Immer wieder, aber vor allem nachts, wenn ich nicht schlafen kann, gucke ich sie mir an. Es ist einfach zu verstehen, denke ich jetzt: Solche Videos sind für Menschen gemacht, die gern in diesem Zug oder Auto sitzen würden, es aber nicht können.
Das berühmte Taras-Schewtschenko-Denkmal ist von Sandsäcken umgeben
Heute Nacht fuhr ich mehrmals die Sumska entlang, die Hauptstraße meiner Heimatstadt Charkiw. Die Sumska ist für Charkiw wie der Kurfürstendamm oder Unter den Linden für Berlin. Über die Sumska wurden Gedichte geschrieben, es gibt kaum eine Charkiwer Band, die die Straße nicht besingen würde.

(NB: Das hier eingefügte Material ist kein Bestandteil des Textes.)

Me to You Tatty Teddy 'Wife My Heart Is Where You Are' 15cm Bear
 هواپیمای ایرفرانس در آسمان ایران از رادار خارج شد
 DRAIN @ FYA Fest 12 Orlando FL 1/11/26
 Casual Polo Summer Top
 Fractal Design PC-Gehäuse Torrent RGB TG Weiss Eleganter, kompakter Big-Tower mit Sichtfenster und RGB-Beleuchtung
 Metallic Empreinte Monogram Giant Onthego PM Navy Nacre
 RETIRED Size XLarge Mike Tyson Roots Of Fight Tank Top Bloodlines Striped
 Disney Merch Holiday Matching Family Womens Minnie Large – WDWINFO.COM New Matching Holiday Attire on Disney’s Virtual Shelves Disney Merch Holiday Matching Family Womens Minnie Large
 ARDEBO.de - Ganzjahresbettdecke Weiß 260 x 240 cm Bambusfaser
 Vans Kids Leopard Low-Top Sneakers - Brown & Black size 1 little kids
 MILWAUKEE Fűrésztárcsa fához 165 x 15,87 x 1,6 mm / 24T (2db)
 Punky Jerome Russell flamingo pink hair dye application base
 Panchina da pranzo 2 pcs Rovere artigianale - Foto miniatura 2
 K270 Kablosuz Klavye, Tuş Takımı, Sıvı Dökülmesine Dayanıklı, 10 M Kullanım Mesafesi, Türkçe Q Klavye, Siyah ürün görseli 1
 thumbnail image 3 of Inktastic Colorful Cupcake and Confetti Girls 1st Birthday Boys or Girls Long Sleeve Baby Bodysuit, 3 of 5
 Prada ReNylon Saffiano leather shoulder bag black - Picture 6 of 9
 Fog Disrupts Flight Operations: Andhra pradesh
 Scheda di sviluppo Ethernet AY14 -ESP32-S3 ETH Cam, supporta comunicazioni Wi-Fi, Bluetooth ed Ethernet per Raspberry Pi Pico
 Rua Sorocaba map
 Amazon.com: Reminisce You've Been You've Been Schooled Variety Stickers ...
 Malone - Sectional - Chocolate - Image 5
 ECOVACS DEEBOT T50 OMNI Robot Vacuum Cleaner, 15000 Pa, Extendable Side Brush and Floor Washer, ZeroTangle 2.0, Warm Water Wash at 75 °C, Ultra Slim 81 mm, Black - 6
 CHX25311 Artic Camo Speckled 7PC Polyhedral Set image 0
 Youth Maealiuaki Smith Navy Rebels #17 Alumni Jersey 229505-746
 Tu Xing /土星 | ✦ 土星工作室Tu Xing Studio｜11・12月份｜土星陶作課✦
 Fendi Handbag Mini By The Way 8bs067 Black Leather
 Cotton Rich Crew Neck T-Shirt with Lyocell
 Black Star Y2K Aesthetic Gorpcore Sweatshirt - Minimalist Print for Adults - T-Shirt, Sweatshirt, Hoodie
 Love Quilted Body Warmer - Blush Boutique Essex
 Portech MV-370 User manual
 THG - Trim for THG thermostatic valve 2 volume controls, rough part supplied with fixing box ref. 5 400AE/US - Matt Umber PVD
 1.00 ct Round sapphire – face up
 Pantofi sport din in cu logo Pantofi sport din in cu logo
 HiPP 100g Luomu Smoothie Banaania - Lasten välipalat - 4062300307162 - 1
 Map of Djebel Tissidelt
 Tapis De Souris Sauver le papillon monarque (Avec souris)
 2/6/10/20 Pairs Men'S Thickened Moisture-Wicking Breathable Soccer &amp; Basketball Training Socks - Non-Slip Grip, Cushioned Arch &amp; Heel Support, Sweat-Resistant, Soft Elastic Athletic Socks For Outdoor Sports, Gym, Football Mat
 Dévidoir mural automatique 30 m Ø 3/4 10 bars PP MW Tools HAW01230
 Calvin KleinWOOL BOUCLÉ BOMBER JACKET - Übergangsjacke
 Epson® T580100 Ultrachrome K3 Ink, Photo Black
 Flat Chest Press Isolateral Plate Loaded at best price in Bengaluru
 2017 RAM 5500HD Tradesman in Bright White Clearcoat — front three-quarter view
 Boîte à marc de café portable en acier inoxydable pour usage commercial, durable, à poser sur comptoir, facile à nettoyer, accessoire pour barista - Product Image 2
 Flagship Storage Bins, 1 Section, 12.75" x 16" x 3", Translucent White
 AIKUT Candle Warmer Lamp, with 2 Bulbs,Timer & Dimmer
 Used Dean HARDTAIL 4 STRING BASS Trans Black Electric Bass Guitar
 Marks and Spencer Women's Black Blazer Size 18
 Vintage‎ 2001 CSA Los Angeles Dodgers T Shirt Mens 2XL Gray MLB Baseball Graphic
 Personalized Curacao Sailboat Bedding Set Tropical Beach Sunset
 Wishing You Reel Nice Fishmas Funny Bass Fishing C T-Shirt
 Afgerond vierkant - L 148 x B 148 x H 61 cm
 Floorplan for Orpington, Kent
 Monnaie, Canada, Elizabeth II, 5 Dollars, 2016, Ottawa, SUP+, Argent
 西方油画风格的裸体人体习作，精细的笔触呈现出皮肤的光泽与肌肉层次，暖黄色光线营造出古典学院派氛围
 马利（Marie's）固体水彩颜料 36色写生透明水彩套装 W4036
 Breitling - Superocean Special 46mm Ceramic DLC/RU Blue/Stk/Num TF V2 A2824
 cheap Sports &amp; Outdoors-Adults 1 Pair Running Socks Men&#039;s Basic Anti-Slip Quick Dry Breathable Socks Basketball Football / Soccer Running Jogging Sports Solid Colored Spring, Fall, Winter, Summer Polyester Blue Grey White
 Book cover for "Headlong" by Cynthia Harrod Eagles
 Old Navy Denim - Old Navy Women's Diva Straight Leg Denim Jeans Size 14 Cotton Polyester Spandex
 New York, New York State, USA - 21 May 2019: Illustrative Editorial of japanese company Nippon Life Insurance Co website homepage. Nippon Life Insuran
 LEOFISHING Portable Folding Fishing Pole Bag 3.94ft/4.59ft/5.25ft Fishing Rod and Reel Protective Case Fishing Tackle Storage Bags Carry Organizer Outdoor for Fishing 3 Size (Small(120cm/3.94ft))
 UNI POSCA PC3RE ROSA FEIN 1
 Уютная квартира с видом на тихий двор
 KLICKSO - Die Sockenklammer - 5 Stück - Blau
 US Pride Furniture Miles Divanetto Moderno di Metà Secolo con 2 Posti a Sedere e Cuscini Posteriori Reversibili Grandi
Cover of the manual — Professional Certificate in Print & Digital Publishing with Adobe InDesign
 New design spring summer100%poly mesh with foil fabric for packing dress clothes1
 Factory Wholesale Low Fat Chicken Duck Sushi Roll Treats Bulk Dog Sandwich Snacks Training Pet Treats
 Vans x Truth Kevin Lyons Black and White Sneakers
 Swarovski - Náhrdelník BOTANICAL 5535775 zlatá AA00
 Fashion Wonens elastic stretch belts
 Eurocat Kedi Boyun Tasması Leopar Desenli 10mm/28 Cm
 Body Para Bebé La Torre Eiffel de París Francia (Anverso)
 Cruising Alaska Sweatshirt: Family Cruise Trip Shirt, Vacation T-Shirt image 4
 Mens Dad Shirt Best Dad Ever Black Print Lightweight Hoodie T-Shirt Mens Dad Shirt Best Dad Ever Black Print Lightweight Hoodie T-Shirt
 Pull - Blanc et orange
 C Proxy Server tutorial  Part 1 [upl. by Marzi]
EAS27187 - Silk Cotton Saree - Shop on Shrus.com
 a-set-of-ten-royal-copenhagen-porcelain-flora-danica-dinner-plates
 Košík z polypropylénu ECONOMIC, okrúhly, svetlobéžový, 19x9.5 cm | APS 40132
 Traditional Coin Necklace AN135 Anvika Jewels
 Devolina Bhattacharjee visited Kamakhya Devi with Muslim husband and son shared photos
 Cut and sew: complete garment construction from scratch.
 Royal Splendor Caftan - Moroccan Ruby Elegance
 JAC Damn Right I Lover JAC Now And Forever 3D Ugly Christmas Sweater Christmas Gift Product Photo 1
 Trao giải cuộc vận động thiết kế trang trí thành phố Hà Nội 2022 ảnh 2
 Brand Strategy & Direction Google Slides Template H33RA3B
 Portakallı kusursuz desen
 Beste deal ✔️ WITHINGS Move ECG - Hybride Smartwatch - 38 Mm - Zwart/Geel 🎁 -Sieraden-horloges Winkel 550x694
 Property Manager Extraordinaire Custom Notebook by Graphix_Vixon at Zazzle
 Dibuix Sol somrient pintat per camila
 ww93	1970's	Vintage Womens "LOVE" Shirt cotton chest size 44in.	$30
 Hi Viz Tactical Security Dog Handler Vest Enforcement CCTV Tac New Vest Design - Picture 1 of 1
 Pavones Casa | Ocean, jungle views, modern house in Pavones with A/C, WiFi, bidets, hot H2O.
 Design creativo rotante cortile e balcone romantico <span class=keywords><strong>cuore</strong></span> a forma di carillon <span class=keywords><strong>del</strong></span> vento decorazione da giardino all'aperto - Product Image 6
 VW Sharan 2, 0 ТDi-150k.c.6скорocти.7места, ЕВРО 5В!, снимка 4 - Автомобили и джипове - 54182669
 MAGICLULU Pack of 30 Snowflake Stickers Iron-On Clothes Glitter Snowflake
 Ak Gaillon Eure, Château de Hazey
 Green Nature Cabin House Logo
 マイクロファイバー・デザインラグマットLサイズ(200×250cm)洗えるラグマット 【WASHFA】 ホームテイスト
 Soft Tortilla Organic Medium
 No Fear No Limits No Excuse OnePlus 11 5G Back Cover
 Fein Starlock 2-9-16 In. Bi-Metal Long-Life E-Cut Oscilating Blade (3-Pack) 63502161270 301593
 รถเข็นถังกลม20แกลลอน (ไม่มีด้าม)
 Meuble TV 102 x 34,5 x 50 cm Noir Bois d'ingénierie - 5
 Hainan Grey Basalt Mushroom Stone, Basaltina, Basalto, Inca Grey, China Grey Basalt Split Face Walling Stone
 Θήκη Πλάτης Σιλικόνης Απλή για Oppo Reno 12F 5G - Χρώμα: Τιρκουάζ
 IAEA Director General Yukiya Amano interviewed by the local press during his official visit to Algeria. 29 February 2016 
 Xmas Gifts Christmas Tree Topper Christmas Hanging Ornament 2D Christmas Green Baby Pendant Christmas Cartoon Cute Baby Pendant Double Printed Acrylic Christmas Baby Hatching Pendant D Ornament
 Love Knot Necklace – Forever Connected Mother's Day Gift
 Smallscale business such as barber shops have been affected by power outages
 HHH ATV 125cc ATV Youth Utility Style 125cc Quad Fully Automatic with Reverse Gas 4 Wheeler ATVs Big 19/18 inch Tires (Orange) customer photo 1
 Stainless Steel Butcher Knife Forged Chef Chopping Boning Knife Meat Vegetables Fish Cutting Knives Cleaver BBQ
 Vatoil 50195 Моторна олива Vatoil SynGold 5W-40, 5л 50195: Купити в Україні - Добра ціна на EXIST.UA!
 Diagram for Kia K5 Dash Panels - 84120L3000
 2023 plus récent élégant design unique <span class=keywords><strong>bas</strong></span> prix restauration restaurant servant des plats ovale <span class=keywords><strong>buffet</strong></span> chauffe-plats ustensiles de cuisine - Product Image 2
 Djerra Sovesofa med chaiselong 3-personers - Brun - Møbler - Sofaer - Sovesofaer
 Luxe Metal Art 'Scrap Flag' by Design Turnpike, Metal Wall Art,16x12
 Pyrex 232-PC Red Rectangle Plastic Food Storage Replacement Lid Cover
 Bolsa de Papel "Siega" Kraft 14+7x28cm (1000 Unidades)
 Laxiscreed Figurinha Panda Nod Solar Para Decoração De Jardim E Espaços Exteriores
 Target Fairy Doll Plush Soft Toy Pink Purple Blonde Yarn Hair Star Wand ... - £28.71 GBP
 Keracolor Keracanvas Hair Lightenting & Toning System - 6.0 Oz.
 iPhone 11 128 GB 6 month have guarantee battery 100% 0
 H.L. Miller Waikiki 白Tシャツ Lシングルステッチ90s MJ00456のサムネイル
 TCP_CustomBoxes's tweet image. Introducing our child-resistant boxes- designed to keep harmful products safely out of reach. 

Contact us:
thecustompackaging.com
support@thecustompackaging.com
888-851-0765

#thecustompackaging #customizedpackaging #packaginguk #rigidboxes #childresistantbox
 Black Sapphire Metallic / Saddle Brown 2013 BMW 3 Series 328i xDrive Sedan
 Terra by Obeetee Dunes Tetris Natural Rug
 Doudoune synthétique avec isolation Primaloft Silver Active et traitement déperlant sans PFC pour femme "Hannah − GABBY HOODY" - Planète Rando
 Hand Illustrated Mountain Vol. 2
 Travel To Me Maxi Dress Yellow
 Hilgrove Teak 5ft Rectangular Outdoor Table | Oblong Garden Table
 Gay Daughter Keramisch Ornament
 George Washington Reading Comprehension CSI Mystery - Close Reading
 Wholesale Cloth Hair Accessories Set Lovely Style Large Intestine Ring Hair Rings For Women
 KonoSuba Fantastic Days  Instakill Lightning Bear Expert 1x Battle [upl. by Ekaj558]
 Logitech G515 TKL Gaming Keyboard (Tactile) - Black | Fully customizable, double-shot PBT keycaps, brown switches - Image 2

Meine Sumska fängt beim Palast der Jungen Pioniere an (der heute Palast der Kinder und Jugend heißt). Als ich zehn war, besuchte ich hier sonntags das Literaturstudio und hörte zum ersten Mal über die Bücher, die später mein Leben geprägt haben, hier lernte ich andere Kinder kennen, mit denen ich noch jahrelang befreundet war.
Schräg gegenüber ist das riesige Verwaltungsgebäude, das am 1. März dieses Jahres brutal zerbombt wurde. Läuft man weiter, so sieht man in wenigen Minuten rechts … stopp, dieser Satz stimmt nicht mehr ganz! … Man hätte das berühmte Taras-Schewtschenko-Denkmal sehen können, jetzt ist es korrekt. Im Moment wird die Statue des Nationaldichters mit Sandsäcken gegen die russischen Raketenangriffe geschützt.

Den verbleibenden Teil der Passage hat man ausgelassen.